While Prince attempts to raise nineteen issues on appeal, a review of the record reveals that a number of Prince's arguably relevant contentions were never raised in the bankruptcy court. It is well established in the Fifth Circuit that, in a bankruptcy appeal, a district court cannot consider issues that were not initially presented to the bankruptcy court. See Barron v. Countryman, 432 F.3d 590, 594 n.2 (5th Cir. 2005); Ginther v. Ginther Trusts (In re Ginther Trusts), 238 F.3d 686, 689 (5th Cir.), cert. denied, 534 U.S. 814 (2001); In re Fairchild Aircraft Corp., 6 F.3d 1119, 1128 (5th Cir. 1993); Gilchrist v. Westcott (Matter of Gilchrist), 891 F.2d 559, 561 (5th Cir. 1990). "Furthermore, the Court will not allow a party to raise an issue for the first time on appeal merely because a party believes that he might prevail if given the opportunity to try a case again on a different theory." Forbush v. J.C. Penney Co., 98 F.3d 817, 822 (5th Cir. 1996) (citing Citizens Nat'l Bank v. Taylor (In re Goff), 812 F.2d 931, 933 (5th Cir. 1987)); accord Chaney v. Dreyfus Serv. Corp., 595 F.3d 219, 240-41 (5th Cir. 2010). "To preserve an argument, it 'must be raised to such a degree that the trial court may rule on it.'" XL Specialty Ins. Co. v. Kiewit Offshore Servs., Ltd., 513 F.3d 146, 153 (5th Cir. 2008) (quoting In re Fairchild Aircraft Corp., 6 F.3d at 1128); see also Vogel v. Veneman, 276 F.3d 729, 733 (5th Cir. 2002). Moreover, "citing cases that may contain a useful argument is simply inadequate to preserve that argument for appeal; 'to be preserved, an argument must be pressed, and not merely intimated.'" In re Fairchild Aircraft Corp., 6 F.3d at 1128 (quoting Hays v. Sony Corp., 847 F.2d 412, 420 (7th Cir. 1988)). Regarding the playing of the video deposition and the Appellees' use of the adverse inferences drawn from Prince's invocation of the Fifth Amendment, Prince did not present these issues to the bankruptcy court. Therefore, he has waived appellate review of these issues. Nevertheless, the court will consider the merits of both issues in light of Prince's pro se status and his inability to attend the hearing in person.

B. Exemptions

When a petition in bankruptcy is filed and bankruptcy proceedings commence, all property in which the debtor has a legal or equitable interest becomes property of the bankruptcy estate. See 11 U.S.C. § 541; In re McLain, 516 F.3d 301, 312 (5th Cir. 2008); In re Orso, 283 F.3d 686, 691 (5th Cir. 2002). To protect the property from creditors, the debtor may then elect to exempt property from the bankruptcy estate under applicable state or federal law. In re Camp, 631 F.3d 757, 759-60 (5th Cir. 2011). "Under Federal Rule of Bankruptcy Procedure 4003, a party in interest who disputes an exemption claimed by the debtor must file an objection no later than 30 days after the meeting of creditors." In re Peres, 530 F.3d 375, 377 (5th Cir. 2008); see FED. R. BANKR. P. 4003.

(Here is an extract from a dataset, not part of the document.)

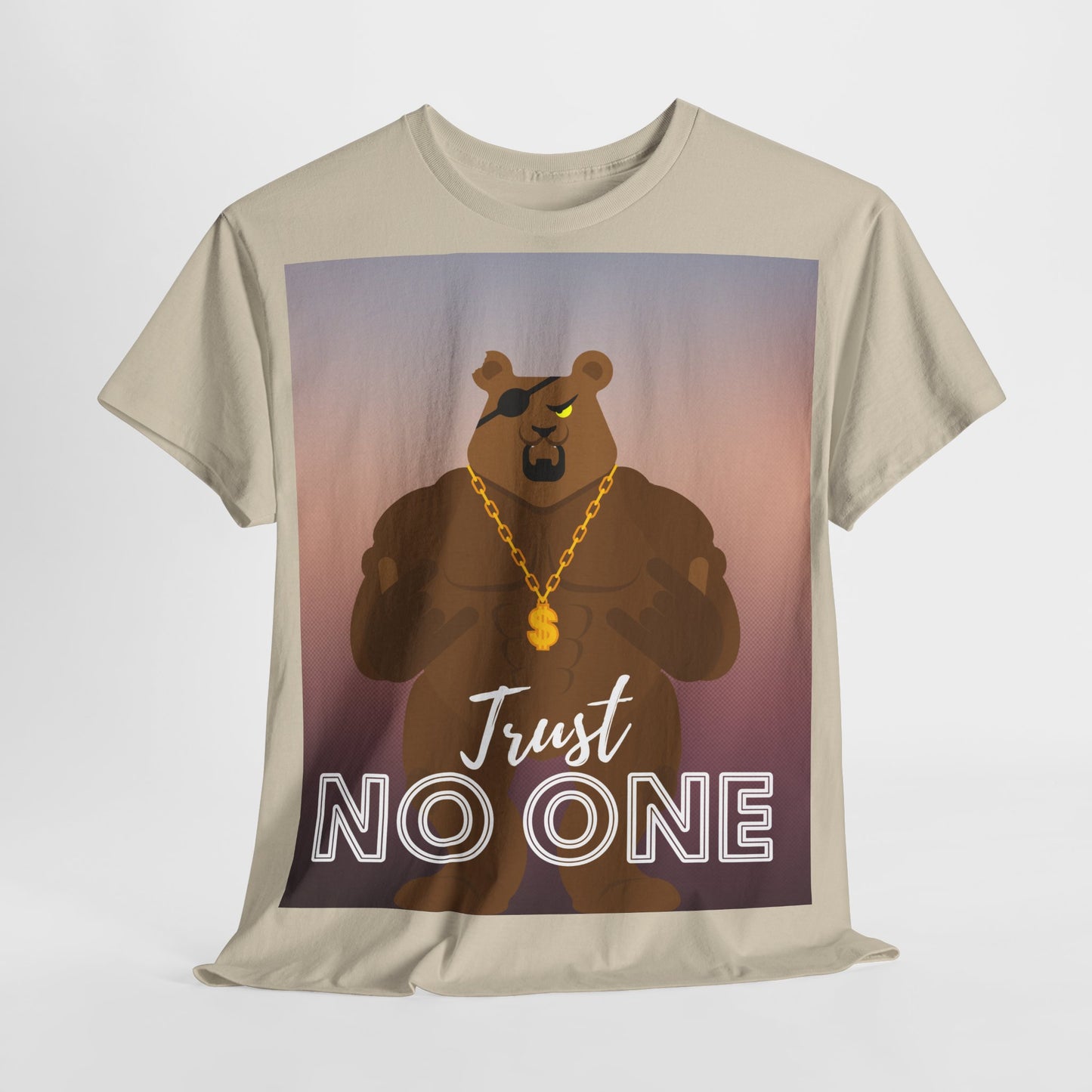Unisex T-Shirt aus schwerer Baumwolle, (Trust No One) Caption, Bären T-Shirt, Gansta Bär Shirt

Determining whether an exemption from the bankruptcy estate exists is a question of law which is reviewed de novo. See In re Zibman, 268 F.3d 298, 301 (5th Cir. 2001) (citing England v. FDIC (In re England), 975 F.2d 1168, 1172 (5th Cir. 1992)); see also In re Fiffy, 293 B.R. 550, 554 (B.A.P. 1st Cir. 2003). If the character of the exemption, however, involves a finding of fact by the bankruptcy court, then the findings of fact are reviewed under the clearly erroneous standard. See In re Homeowners Mortg. & Equity, Inc., 354 F.3d at 375.

C. Application of 11 U.S.C. § 522(q)(1)(A)

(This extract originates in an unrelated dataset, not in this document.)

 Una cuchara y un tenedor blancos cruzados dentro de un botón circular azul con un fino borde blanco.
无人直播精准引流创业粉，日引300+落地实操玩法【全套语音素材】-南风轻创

Section 522, United States Code, Title 11, permits a bankruptcy debtor to exempt certain property from the estate, but provides that

(1) . . . a debtor may not exempt any amount of an interest in [certain property, including real or personal property that the debtor or a dependent of the debtor uses as a residence] which exceeds in the aggregate $146,450 if—
(A) the court determines, after notice and a hearing, that the debtor has been convicted of a felony (as defined in section 3156 of title 18), which under the circumstances, demonstrates that the filing of the case was an abuse of the provisions of this title . . . .
11 U.S.C. § 522(q)(1)(A). In sum, subsection (q) limits the amount a debtor may exempt for his or her homestead if the debtor has been convicted of a felony demonstrating that the filing for bankruptcy was an abuse of the provisions of Title 11.

After notice and a hearing on May 10, 2011, the bankruptcy court held that Prince's guilty verdicts in the two criminal cases, specifically the perjury and bankruptcy fraud charges, demonstrated that his filing was an abuse of the bankruptcy provisions and limited his homestead exemption to $146,450.00. In his original brief, Prince contends that the court erred by finding that there had been a conviction because Prince had not yet been sentenced at the time of the ruling. He relies on numerous cases holding that a conviction occurs when a defendant is sentenced and a "final judgment" is entered. The Appellees maintain that Prince's argument has been rendered moot, as he was sentenced shortly after the appeal was taken. In Prince's reply, he attempts a different tactic and claims that his conviction is not final because he has appealed the conviction to the United States Court of Appeals for the Fifth Circuit. In support, Prince cites cases that discuss the finality of convictions for the impeachment of witnesses under Texas Rule of Evidence 609 and the doctrine of abatement ab initio. Prince's reliance on these cases is misplaced.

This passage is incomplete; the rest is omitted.